Unter Stöhnen stemmte er seinen muskulösen Körper in die Höhe, das Hungergefühl war verschwunden, nicht aber der quälende Durst. Er erinnerte sich an eine kleine Quelle, die dicht bei Barwick Castle entsprang. Konnte er es wagen, noch einmal aus dem Wald zu treten, um seinen Durst zu stillen?
Schließlich musste er die Höhle so schnell wie möglich finden, koste es, was es wolle. Doch gleichzeitig spürte er, dass er nicht weit kommen würde, ausgedörrt wie er war.

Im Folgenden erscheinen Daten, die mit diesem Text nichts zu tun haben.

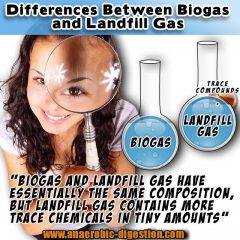 Image illustating the differences between biogas and landfill gas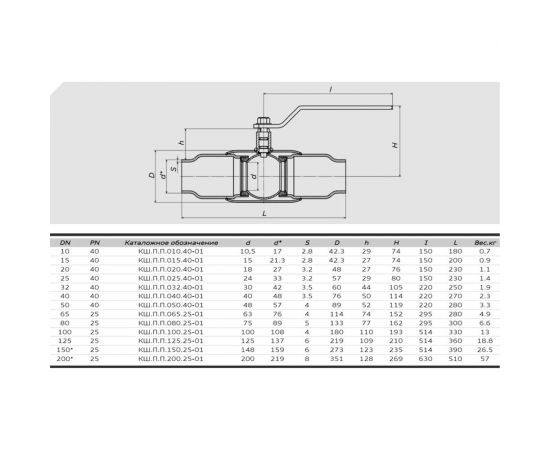 Шаровой кран ALSO КШ.П.П.015.40-01 Ду15 Ру40 под приварку полнопроходной D160-04147 – изображение 2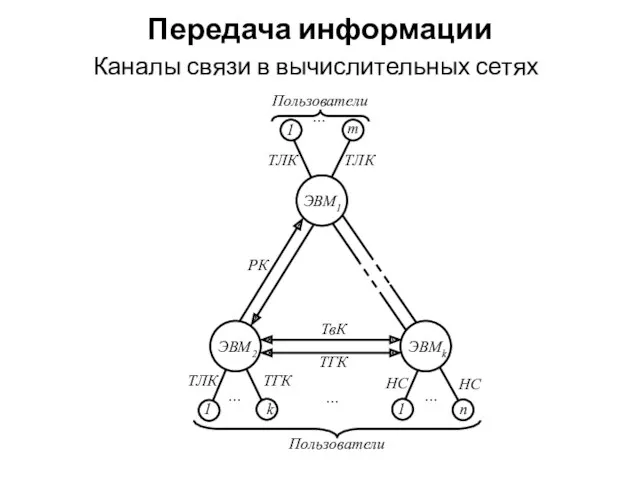 Передача информации Каналы связи в вычислительных сетях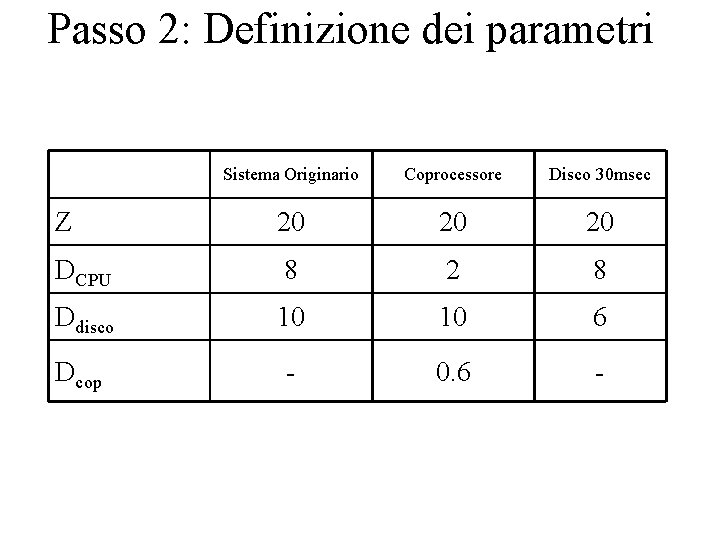 Passo 2: Definizione dei parametri Sistema Originario Coprocessore Disco 30 msec Z 20 20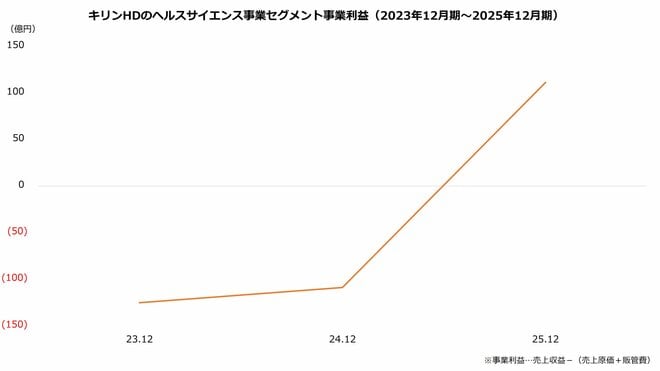 キリンHDのヘルスサイエンス事業セグメント事業利益(2023年12月期~2025年12月期)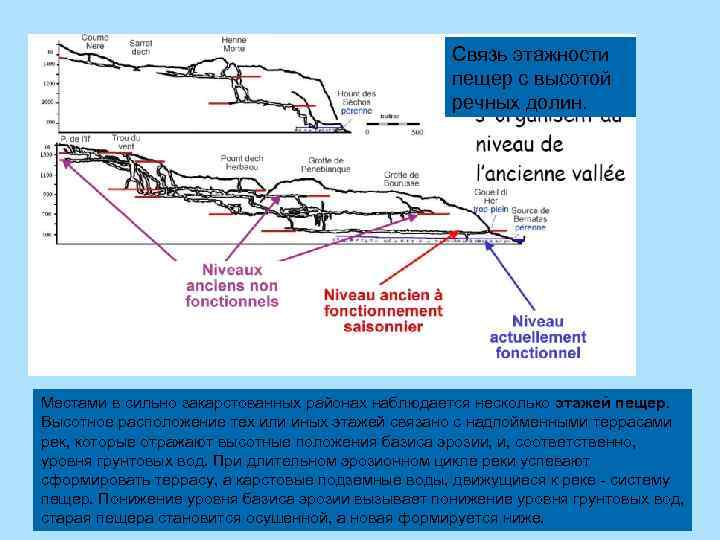 Связь этажности пещер с высотой речных долин. Местами в сильно закарстованных районах наблюдается несколько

Während er sich erneut auf den Weg zu dem ehemaligen Stammsitz der MacGannors machte, fasste er den Entschluss, die Stelle zu suchen, an der er Annas Hilferufe vernommen hatte. Von dort konnte es nicht mehr sehr weit bis zur Höhle sein.
Unvermittelt blieb er stehen. Und wenn eine weitere Zeitreise nicht möglich war? Robin hatte mehrmals erwähnt, dass niemand voraussagen konnte, wie lange ein Zeittunnel geöffnet war und ob er einen dorthin brachte, wo man hinwollte.
Aber das Risiko musste Ewan eingehen, war es doch die einzige Möglichkeit, in seine Welt zurückzukehren. Gedankenverloren setzte er sich wieder in Gang. Wieso war er durch die Zeit gereist? Ceana Mathesons Geist hatte keine Kraft mehr, ihre Stimme war verstummt, seitdem ihre Gebeine auf dem Friedhof von St. Cait lagen.
Bald ließ Ewan den Wald hinter sich, er wandte den Kopf ab, um nicht die traurigen Reste von Crìsdean MacGannors Burg sehen zu müssen. Wenn er sich links hielt, müsste er auf den Bach stoßen, in dem die Frauen der Burg im Sommer oft die Wäsche wuschen.